刚才出手制止那愤怒的男人时,他看见里头正对着大门的客堂中间,停着一具尸体。
风很大,时不时将盖在尸体脸上的白布吹起,露出白布下那张脸。
这张脸的模样比六十年前死于那场大瘟疫的患者更为诡异。
所以他耐心等待着。
等得并不久,很快他听见小姑娘轻吸了一口气,然后用着略带鼻音的话声说道:“你刚才看到了是么,镆铘哥。”
“那具尸体么,是的。”
“这就是我跟你说起的那个原因。”
“他的死因么?”
“他四天前掉进了村口那条河里。”轻吸了下鼻子,林宝珠转过身面向镆铘,宽大的帽檐遮挡着她大半张脸,只露出一双几乎没了血色的唇:“我去看他的时候,他已经没气了,身上压着很多东西,它们从他鼻子和嘴巴里钻出来,但除了我,没人能看到那些东西。
后来我发现,它们是借着他身体从河里跑出来的。
我不知道它们是什么,也许是过去淹死在那条河里的亡魂,可在那个女人出现之前,我从没见过它们。
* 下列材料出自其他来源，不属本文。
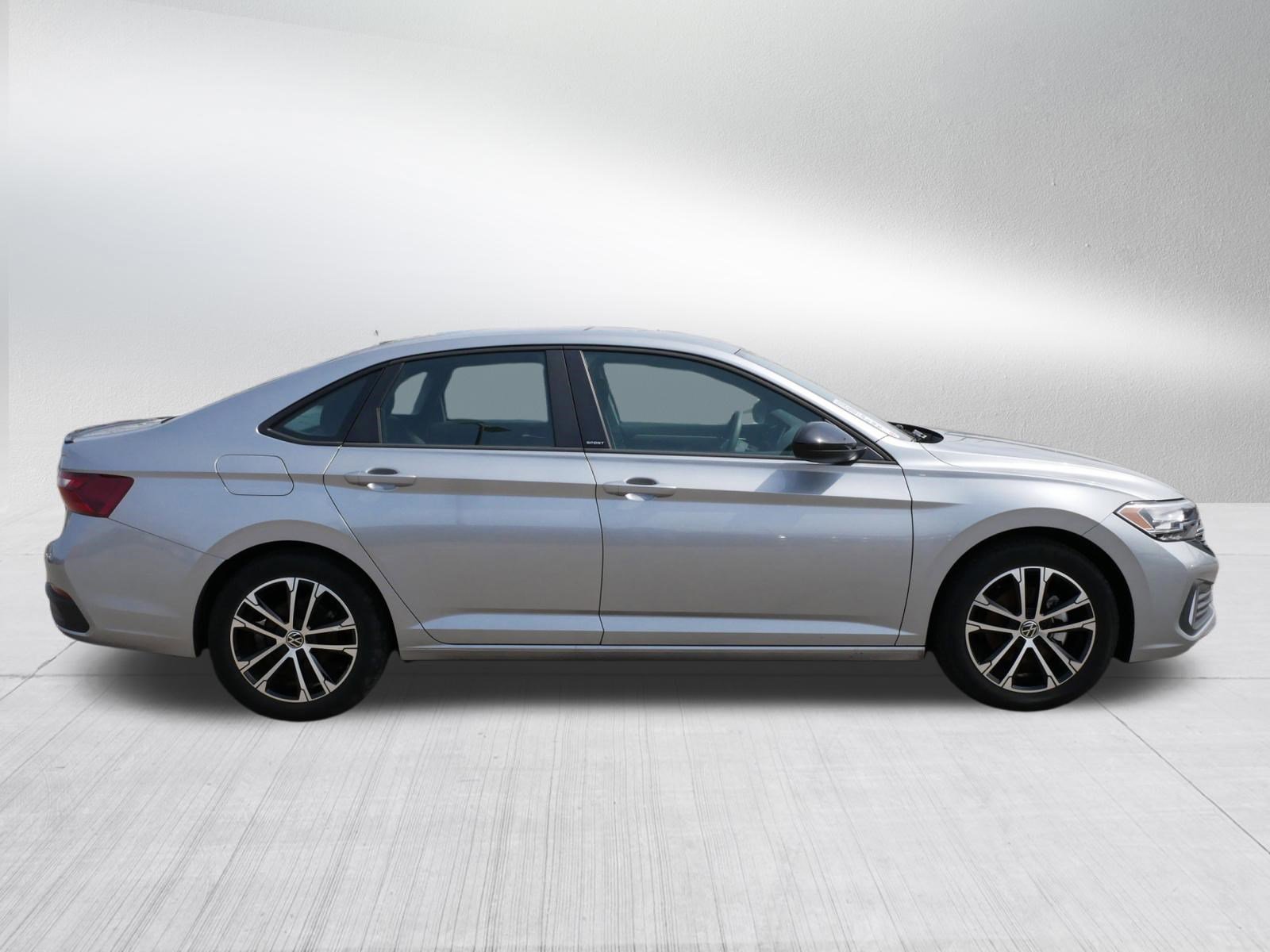 Certified 2023 Volkswagen Jetta Sport image 8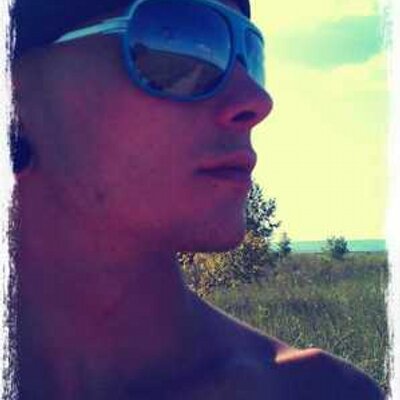 Profile Picture of Nicholas Quinones (@xoNicholas) on Twitter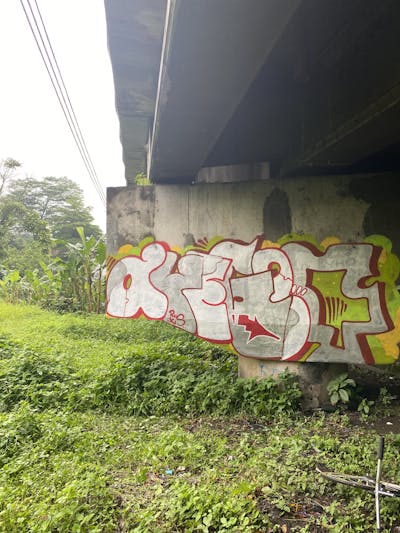 Red and White and Chrome Stylewriting by ks, pws and dyeget. This Graffiti is located in Jakarta, Indonesia and was created in 2022. This Graffiti can be described as Stylewriting and Abandoned.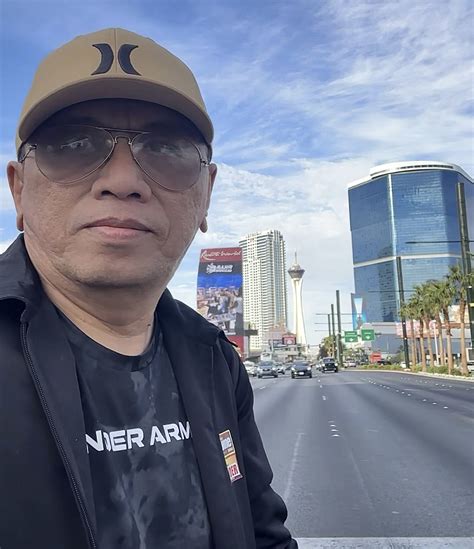 Ver - 𝗧𝗛𝗘 𝗬𝗘𝗔𝗥 𝗧𝗛𝗔𝗧 𝗪𝗔𝗦, at the road frequently travelled -- because it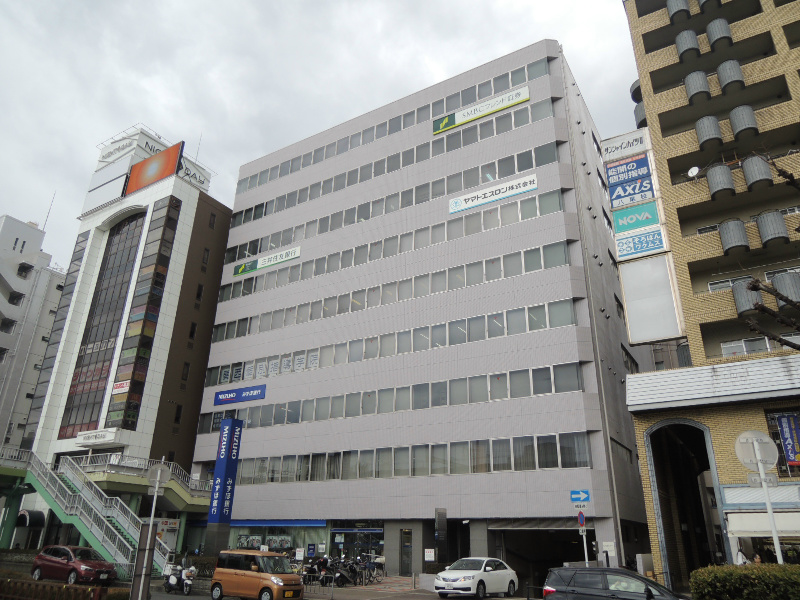 八尾駅前住友生命ビル 外観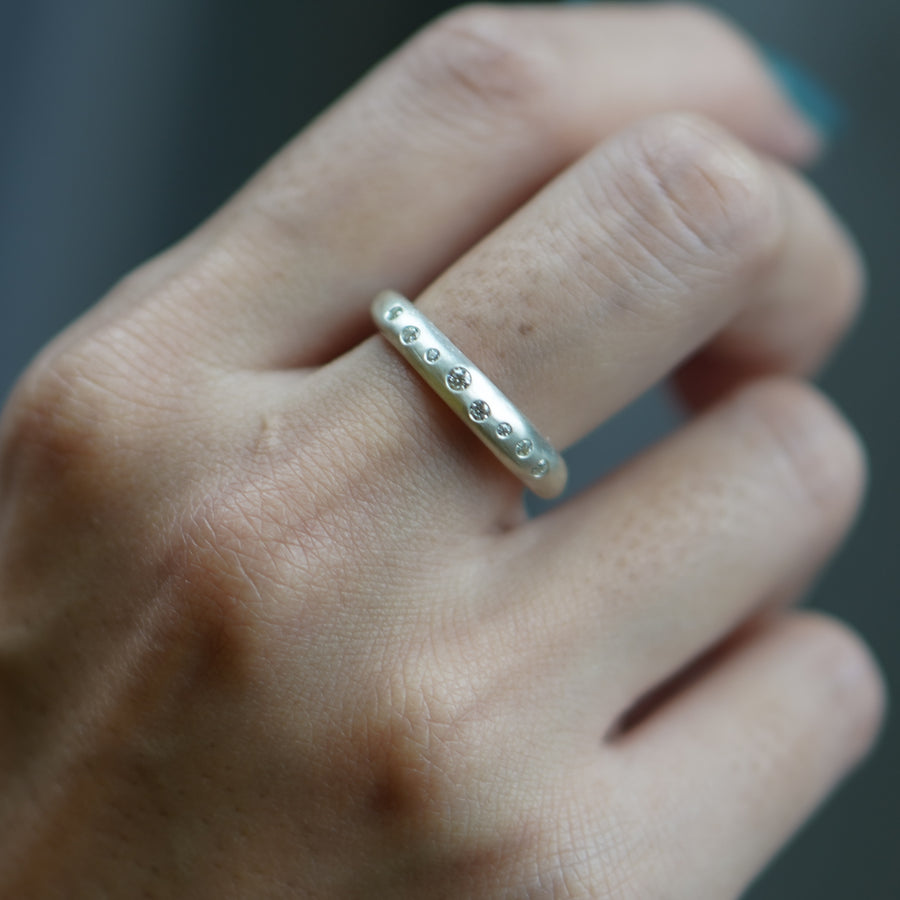 warped single moissanite ring  [YOSHIDA NAGI × GYPPHY]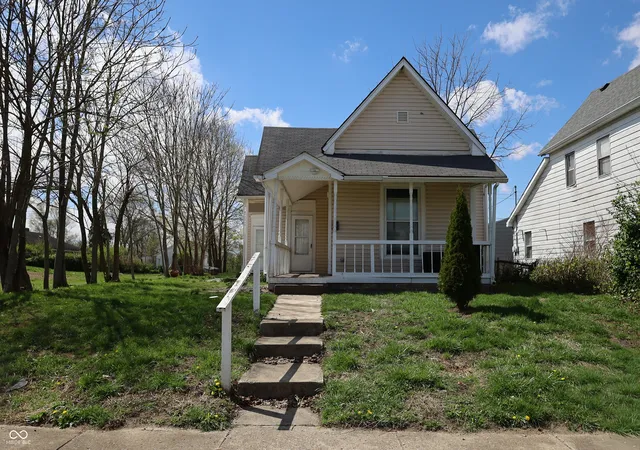 Photo 1 of Single family home for sale at 1429 Sherman St, Anderson, IN 46016 | MLS# 22094821 | Listing updated on 2026-04-12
它们比我以前见过的任何一种虚无缥缈的东西,都要来的可怕。
那个时候,当我用尽全力把它们从他身上拍开后,他就活了。我以为我救了他,可是昨天我到这里来看他时,发觉我错了。
我并没能救到他,也根本救不了,那些东西从没离开过他,并且,现在它们已经蛰伏到了整个村子。
可是我没法警告这村里的任何一个人。不会有人信我。眼见为实,可是他们根本看不到我所见的,只会当我是又一次发疯。因此我只能眼睁睁地看着,就像昨晚我差点眼看着大毛娘被河里那些东西拖走,成为它们第二个引路人。”
说到这儿,林宝珠轻吸了口气,将帽檐朝上轻轻抬了抬:“所以,如果你信我的话,赶紧离开这个村子吧,因为这场雨,再过不久就会让那条河满溢出来,届时那些东西恐怕不会再需要什么引路人,便能上岸。”
“那你呢。”
“我?”林宝珠将头抬起,看向对方那双平和而深邃的暗紫色眼睛:“我自然也是要走的,在把我娘从那些官爷手里救出来之后。”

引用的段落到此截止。